*Description of the task*:
Reproduce the listing below precisely, leaving every line intact.

-----

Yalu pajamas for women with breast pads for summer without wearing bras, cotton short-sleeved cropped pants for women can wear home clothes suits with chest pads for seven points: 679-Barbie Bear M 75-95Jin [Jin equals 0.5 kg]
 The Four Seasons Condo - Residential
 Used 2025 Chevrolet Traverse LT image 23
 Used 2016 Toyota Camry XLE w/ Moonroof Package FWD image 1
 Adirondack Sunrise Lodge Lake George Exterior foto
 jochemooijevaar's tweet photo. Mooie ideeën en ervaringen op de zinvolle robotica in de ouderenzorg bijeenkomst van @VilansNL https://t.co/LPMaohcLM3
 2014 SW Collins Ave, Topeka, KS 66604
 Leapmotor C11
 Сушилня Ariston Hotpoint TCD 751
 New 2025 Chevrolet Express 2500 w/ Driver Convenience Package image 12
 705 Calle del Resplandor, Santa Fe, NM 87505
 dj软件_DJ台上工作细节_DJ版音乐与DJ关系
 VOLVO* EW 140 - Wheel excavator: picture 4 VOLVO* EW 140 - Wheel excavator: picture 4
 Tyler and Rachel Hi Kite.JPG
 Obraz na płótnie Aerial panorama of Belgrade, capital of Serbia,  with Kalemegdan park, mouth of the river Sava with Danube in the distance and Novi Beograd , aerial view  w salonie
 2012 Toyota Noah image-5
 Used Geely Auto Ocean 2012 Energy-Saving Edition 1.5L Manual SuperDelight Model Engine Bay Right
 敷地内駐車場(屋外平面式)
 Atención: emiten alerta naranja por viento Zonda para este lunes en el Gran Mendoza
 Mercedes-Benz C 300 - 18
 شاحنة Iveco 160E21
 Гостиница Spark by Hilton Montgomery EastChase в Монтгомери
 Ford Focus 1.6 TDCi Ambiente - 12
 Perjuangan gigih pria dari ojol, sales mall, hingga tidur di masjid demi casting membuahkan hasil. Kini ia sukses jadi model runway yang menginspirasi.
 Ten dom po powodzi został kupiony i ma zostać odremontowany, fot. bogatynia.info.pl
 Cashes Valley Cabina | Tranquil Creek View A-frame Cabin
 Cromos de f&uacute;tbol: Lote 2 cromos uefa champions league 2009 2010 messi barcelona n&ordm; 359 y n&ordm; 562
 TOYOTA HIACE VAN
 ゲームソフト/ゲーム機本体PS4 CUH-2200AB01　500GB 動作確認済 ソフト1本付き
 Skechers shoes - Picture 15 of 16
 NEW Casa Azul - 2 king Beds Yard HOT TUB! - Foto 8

-----

*Output below*:
Yalu pajamas for women with breast pads for summer without wearing bras, cotton short-sleeved cropped pants for women can wear home clothes suits with chest pads for seven points: 679-Barbie Bear M 75-95Jin [Jin equals 0.5 kg]
 The Four Seasons Condo - Residential
 Used 2025 Chevrolet Traverse LT image 23
 Used 2016 Toyota Camry XLE w/ Moonroof Package FWD image 1
 Adirondack Sunrise Lodge Lake George Exterior foto
 jochemooijevaar's tweet photo. Mooie ideeën en ervaringen op de zinvolle robotica in de ouderenzorg bijeenkomst van @VilansNL https://t.co/LPMaohcLM3
 2014 SW Collins Ave, Topeka, KS 66604
 Leapmotor C11
 Сушилня Ariston Hotpoint TCD 751
 New 2025 Chevrolet Express 2500 w/ Driver Convenience Package image 12
 705 Calle del Resplandor, Santa Fe, NM 87505
 dj软件_DJ台上工作细节_DJ版音乐与DJ关系
 VOLVO* EW 140 - Wheel excavator: picture 4 VOLVO* EW 140 - Wheel excavator: picture 4
 Tyler and Rachel Hi Kite.JPG
 Obraz na płótnie Aerial panorama of Belgrade, capital of Serbia,  with Kalemegdan park, mouth of the river Sava with Danube in the distance and Novi Beograd , aerial view  w salonie
 2012 Toyota Noah image-5
 Used Geely Auto Ocean 2012 Energy-Saving Edition 1.5L Manual SuperDelight Model Engine Bay Right
 敷地内駐車場(屋外平面式)
 Atención: emiten alerta naranja por viento Zonda para este lunes en el Gran Mendoza
 Mercedes-Benz C 300 - 18
 شاحنة Iveco 160E21
 Гостиница Spark by Hilton Montgomery EastChase в Монтгомери
 Ford Focus 1.6 TDCi Ambiente - 12
 Perjuangan gigih pria dari ojol, sales mall, hingga tidur di masjid demi casting membuahkan hasil. Kini ia sukses jadi model runway yang menginspirasi.
 Ten dom po powodzi został kupiony i ma zostać odremontowany, fot. bogatynia.info.pl
 Cashes Valley Cabina | Tranquil Creek View A-frame Cabin
 Cromos de f&uacute;tbol: Lote 2 cromos uefa champions league 2009 2010 messi barcelona n&ordm; 359 y n&ordm; 562
 TOYOTA HIACE VAN
 ゲームソフト/ゲーム機本体PS4 CUH-2200AB01　500GB 動作確認済 ソフト1本付き
 Skechers shoes - Picture 15 of 16
 NEW Casa Azul - 2 king Beds Yard HOT TUB! - Foto 8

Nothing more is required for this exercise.